GCSE Exam Results Drop in England, Rise in Northern Ireland

(Photo: Tech-Plus)

(Photo: Tech-Plus)

In the United Kingdom, this year's General Certificate of Secondary Education (GCSE) exam results are in — and overall test scores are at their lowest level since 2008. Many consider resits associated with the test a waste of time that have brought down national averages.

The results from Northern Ireland are some of the only to show improvement, as they have increased their top marks by half a percent. Results from Wales remained the same for the third year in a row and results from England dropped considerably. This may in part be due to those in England having to retake the English and Maths sections, writes Sean Coughlan of BBC.

"Having a broad-based academic curriculum is vitally important and it is right that this should be available to all pupils but traditional academic subjects are not necessarily always the right choice for everybody at GCSE," Says Malcolm Trobe, Interim General Secretary of the Association of School and College Leaders.

Another possible explanation for the drop in results is the push for students to study core academic subjects. In England, this is called the EBacc, or the English Baccalaureate, and policies regarding its implementation have been met with criticism. Some think it is too stifling for students and may force them into subjects they aren't comfortable with.

Josie Gurney-Read writes for The Telegraph that this is the last year this version of the Maths and English GCSEs will be given. Beginning next year, students will receive grades on new exams with a different grading system.

Peter Weir, Stormont Education Minister, said "I am pleased to see that entries for Stem subjects (science, technology, engineering and mathematics) have grown by 2.4 per cent in Northern Ireland. This growth is stronger than the equivalent UK figure of 0.1 per cent and means Stem subjects here account for close to one-third of all GCSE entries."

Welsh test results also compare favorably to England's, but those numbers must be taken with a grain of salt. As Bethan Lewis notes for BBC news, comparing Welsh and English tests is less helpful due to differences between the two countries' exams.

Northern Ireland's high test scores coupled with its use of grammar schools has made some consider a greater role for those institutions in England. Justine Greening, the newly-minted Education Secretary, has put an increase in grammar schools on England's agenda.

The exam results reveal more specifics as well, show Stephanie Linning and Eleanor Harding of The Daily Mail. The Joint Council for Qualifications published numbers revealing that in most subjects, women outperform men.

While Northern Ireland did better than England or Wales, notes the Irish Times, the consistency of the Welsh performance hasn't been missed. This is the third year in a row that Wales has performed this well in the GCSE's.

Nick Gibb, England's School Standards Minister, says in defense of the retakes "And for those 17-year-olds who have struggled to achieve good grades in maths, we are seeing 4,000 more successful re-takes of those exams; delivering better prospects for every one of those young people."

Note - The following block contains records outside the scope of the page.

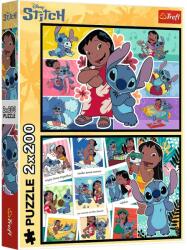 Trefl - Puzzle 2x200 The happy life of Stitch - 200 piese
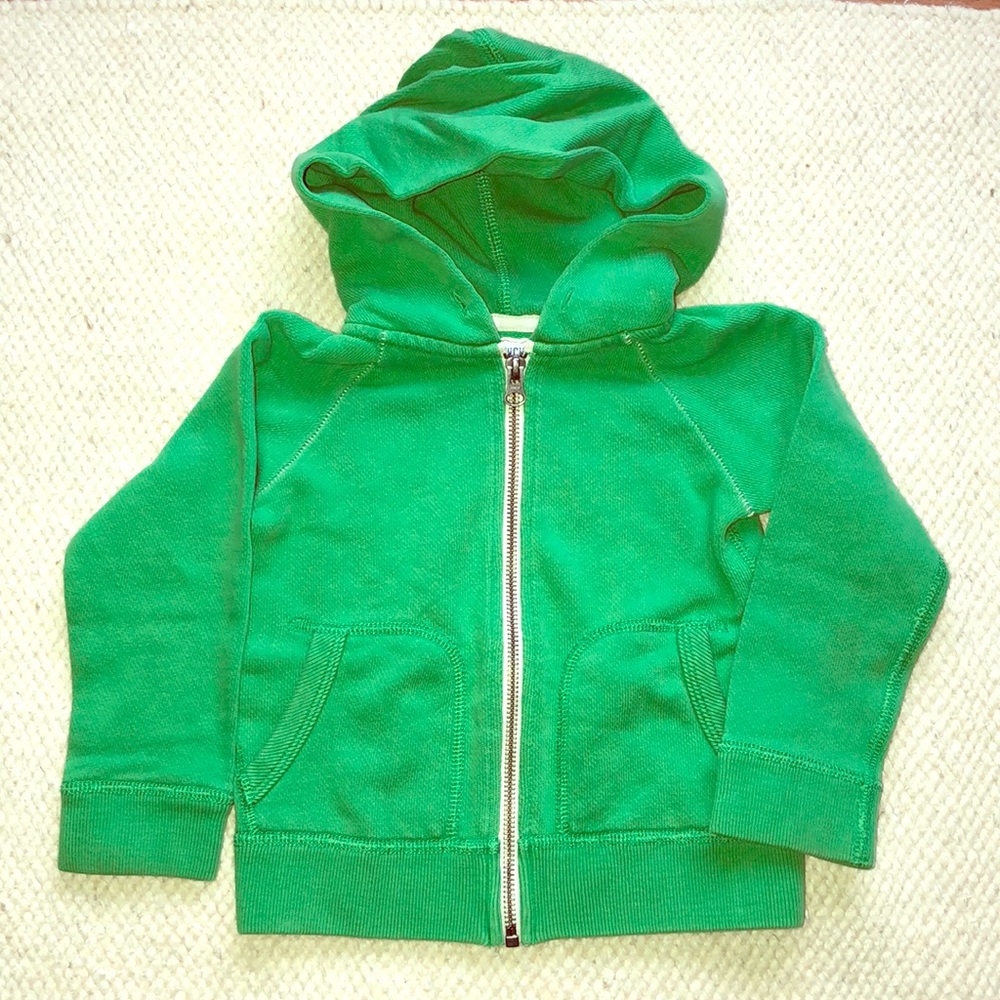 CREWCUTS bright green hoodie!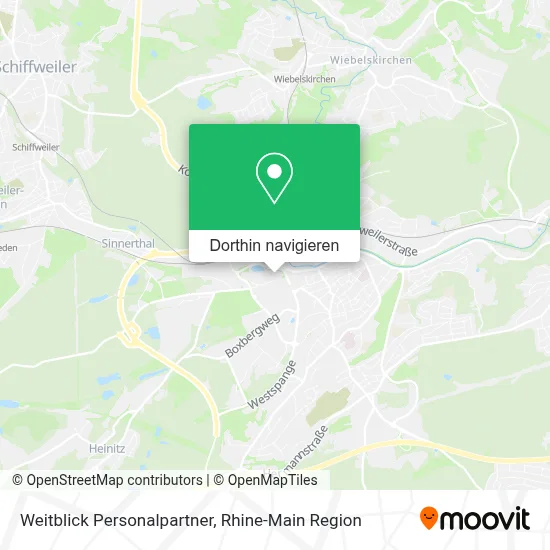Weitblick Personalpartner Karte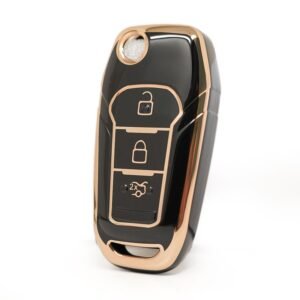 Nano High Quality Cover For Ford Fusion Flip Remote Key 3 Buttons Black Color
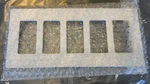Lutron Claro (CW-5-WH) 5-GANG Decorator /rocker Switches Wall Plate 1 White. Fixed Price $30.00.
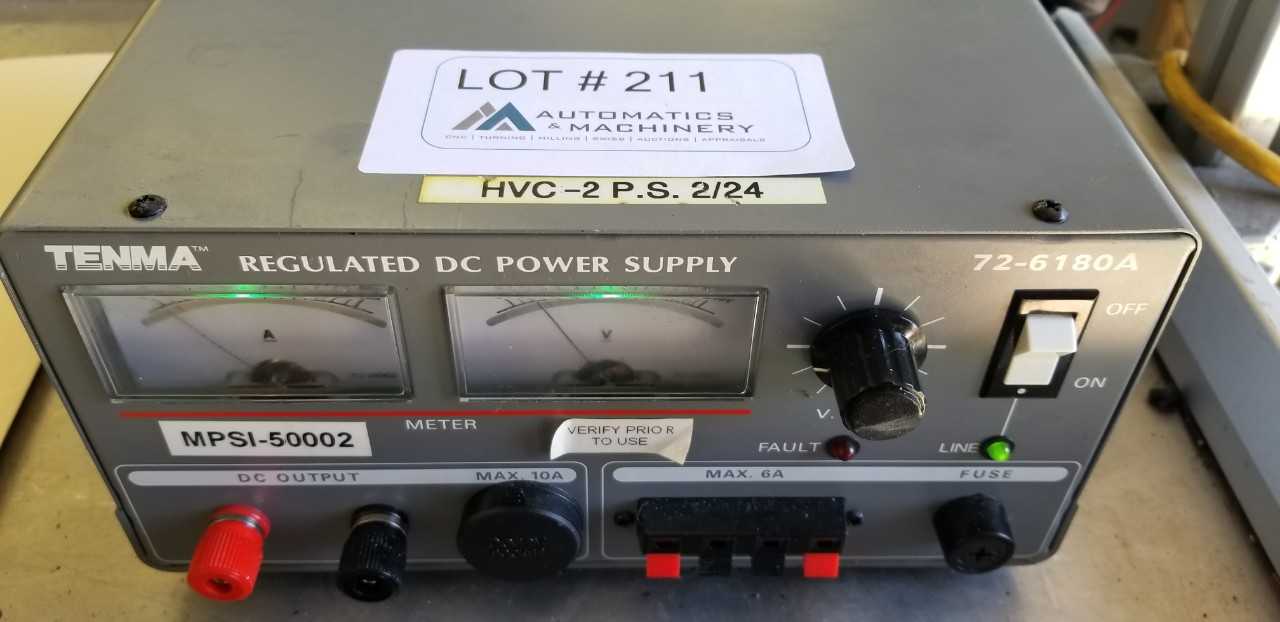 Tenma Regulated DC Power Supply - METAL INSPECTION EQUIPMENT Tenma Regulated DC Power Supply - METAL INSPECTION EQUIPMENT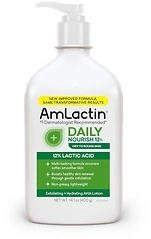 AmLactin Daily Nourish Body Lotion, 12 Lactic Acid, 14.1 oz, Exfoliator & Moisturizer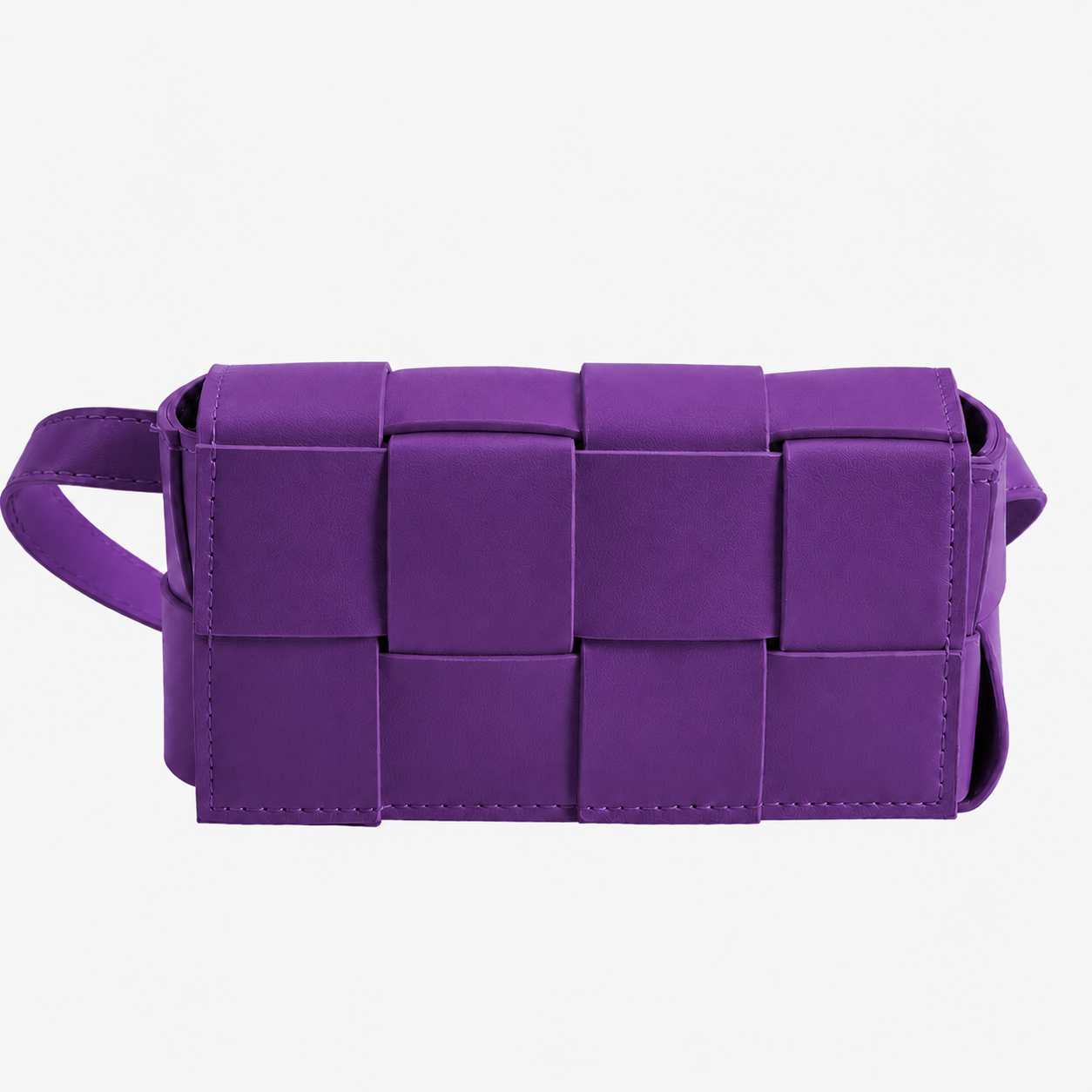 bags : Dames Crossbody Tas van PU - Compacte Schoudertas met Verstelbare Band in Paars van Pantino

Looking at the individual subjects shows interesting trends in performance. English and science were both down overall, but the individual subjects that make up science were more stable. Math is hard to judge, as a large number of students took their exams last November.

Politicians and policymakers are scrambling to analyze the results as they work toward identifying solutions:

Nick Gibb also said, "We want to make our country a place where there is no limit on anyone's ambition or what they can achieve – that's why we are working to ensure there are even more high-quality schools in every part of the country."